If we add data indicating how long each part will take to produce its output results, we can use that data to We can track how long the processing took. We need to be careful about this, though. In the real machine, each component does not sit there doing nothing while all other parts do their thing. Instead, they all work in parallel. That means we need to find the largest amount of time consumed by any part in the machine during one “tick” cycle. Here is a simple change to our simulation loop to track this:

int total_time = 0;
int max_tick_time = 0;
int tic_time = 0;

for(int time = 0; time < stop_time, time++) {
    for(int p = 0; p<parts_count; p++) {
        tick_time = part[p].tick();
        if(tick_time > max_tick_time) max_tick_time = tick_time;
    }
    for(int w = 0; w < wires_count; w++) {
        wire[w].tock();
    }
    total_time += max_tick_time;
}

Here we are asking the “tick” routines to return an integer indicating how long each took to complete the internal processing.

We could extend this idea and track other useful design data. How much electricity did you consume? How much heat did you generate. Each of these is important in designing a real system. If the machine gets too hot and it will fail. If it consumes too much energy, and it will not do in a portable/mobile device.

Simulating Component Control

Our simple simulator loop calls the “tick” routine in each component, then the “tock” routine for each wire on every pass through the simulation loop. Is this really needed.

If a component is disabled, there is no work to do in that component, so even calling it to do nothing is a waste of time.
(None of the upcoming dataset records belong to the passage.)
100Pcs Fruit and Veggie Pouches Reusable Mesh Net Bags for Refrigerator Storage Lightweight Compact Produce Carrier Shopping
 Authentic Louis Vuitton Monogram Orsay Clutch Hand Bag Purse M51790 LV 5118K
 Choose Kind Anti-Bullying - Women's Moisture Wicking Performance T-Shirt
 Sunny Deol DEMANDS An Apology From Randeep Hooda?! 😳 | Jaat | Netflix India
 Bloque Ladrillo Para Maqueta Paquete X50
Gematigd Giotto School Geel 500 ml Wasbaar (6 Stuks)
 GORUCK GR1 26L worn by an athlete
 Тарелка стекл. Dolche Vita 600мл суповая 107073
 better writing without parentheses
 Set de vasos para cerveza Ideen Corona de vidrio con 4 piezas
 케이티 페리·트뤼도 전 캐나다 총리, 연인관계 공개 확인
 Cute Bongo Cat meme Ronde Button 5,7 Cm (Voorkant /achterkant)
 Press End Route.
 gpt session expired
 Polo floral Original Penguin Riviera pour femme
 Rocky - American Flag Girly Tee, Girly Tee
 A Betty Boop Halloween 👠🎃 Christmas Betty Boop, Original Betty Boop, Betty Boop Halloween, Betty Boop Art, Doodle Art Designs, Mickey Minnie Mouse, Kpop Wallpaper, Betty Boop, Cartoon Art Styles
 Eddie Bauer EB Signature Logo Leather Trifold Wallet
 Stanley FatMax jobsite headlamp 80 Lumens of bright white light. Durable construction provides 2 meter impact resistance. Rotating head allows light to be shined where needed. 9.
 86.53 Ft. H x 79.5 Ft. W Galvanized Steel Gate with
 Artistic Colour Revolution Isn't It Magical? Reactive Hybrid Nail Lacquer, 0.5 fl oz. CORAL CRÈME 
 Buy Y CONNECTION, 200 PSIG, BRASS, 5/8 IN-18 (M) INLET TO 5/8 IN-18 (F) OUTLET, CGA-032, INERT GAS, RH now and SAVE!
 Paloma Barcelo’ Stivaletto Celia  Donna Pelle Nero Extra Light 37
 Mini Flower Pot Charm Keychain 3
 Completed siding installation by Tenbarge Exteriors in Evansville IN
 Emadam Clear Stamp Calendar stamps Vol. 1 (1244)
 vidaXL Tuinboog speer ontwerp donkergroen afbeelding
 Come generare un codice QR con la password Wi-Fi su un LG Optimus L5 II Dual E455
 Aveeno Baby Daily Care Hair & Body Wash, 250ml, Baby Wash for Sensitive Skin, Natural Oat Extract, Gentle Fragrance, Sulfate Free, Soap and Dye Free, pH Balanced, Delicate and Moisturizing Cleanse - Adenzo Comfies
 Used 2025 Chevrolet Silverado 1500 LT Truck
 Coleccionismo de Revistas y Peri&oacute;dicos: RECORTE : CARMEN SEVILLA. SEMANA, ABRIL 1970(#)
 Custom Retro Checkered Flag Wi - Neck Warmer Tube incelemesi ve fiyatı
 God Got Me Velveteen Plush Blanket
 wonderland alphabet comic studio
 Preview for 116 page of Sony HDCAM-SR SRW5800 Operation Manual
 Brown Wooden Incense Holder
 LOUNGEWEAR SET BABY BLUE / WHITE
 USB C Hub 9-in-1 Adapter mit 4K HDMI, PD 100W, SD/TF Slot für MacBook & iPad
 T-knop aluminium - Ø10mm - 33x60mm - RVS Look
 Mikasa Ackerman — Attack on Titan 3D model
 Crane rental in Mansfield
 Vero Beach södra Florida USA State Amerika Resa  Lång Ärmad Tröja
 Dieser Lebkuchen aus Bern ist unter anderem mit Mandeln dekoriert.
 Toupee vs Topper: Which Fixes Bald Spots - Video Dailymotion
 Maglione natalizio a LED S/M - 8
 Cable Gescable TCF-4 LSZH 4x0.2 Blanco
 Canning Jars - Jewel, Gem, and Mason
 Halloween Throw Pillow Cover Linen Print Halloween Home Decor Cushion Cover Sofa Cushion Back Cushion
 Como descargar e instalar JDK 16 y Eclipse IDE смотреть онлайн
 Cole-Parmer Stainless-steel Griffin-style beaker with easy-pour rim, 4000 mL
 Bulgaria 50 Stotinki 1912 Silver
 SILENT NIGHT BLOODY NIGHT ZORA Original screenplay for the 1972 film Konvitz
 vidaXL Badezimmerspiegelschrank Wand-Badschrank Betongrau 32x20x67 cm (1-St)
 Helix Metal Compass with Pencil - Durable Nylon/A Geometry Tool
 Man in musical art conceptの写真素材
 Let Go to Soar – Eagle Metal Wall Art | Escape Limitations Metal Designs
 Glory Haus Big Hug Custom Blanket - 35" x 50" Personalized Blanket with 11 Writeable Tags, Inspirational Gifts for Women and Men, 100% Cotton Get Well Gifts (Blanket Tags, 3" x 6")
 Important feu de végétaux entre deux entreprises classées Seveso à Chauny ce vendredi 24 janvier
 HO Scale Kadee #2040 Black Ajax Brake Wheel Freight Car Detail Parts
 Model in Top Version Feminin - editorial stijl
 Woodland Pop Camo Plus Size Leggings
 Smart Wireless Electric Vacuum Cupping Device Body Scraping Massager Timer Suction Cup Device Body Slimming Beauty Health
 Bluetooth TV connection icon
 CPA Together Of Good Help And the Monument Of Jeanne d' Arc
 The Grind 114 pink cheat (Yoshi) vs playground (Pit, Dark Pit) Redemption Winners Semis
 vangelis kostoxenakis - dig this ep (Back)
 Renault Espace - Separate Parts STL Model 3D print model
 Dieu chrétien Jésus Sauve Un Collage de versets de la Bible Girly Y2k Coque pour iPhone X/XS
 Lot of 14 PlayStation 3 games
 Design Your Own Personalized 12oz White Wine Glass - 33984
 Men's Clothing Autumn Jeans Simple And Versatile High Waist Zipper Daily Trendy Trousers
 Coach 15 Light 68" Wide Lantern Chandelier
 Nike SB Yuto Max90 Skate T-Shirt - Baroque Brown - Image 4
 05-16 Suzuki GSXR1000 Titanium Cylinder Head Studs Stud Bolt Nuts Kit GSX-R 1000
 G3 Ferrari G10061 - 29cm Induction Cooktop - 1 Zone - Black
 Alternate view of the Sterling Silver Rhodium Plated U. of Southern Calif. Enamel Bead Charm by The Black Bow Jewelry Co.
Furthermore, any of the output “wires” connected to that component will have no change in their values, so nothing really needs to be transferred from the idle component to any connected other part. That means we are wasting a lot of our host machine’s processing doing calls to functions that are not needed.

How can we manage all of this in a more effective way?

The answer is to switch from the simple loop structure shown here to another common form of simulation. This one is called “Event Driven Simulation”

Event Driven Simulation

In Event Driven Simulation, each component in the system is given an initial chance to start work from some starting condition.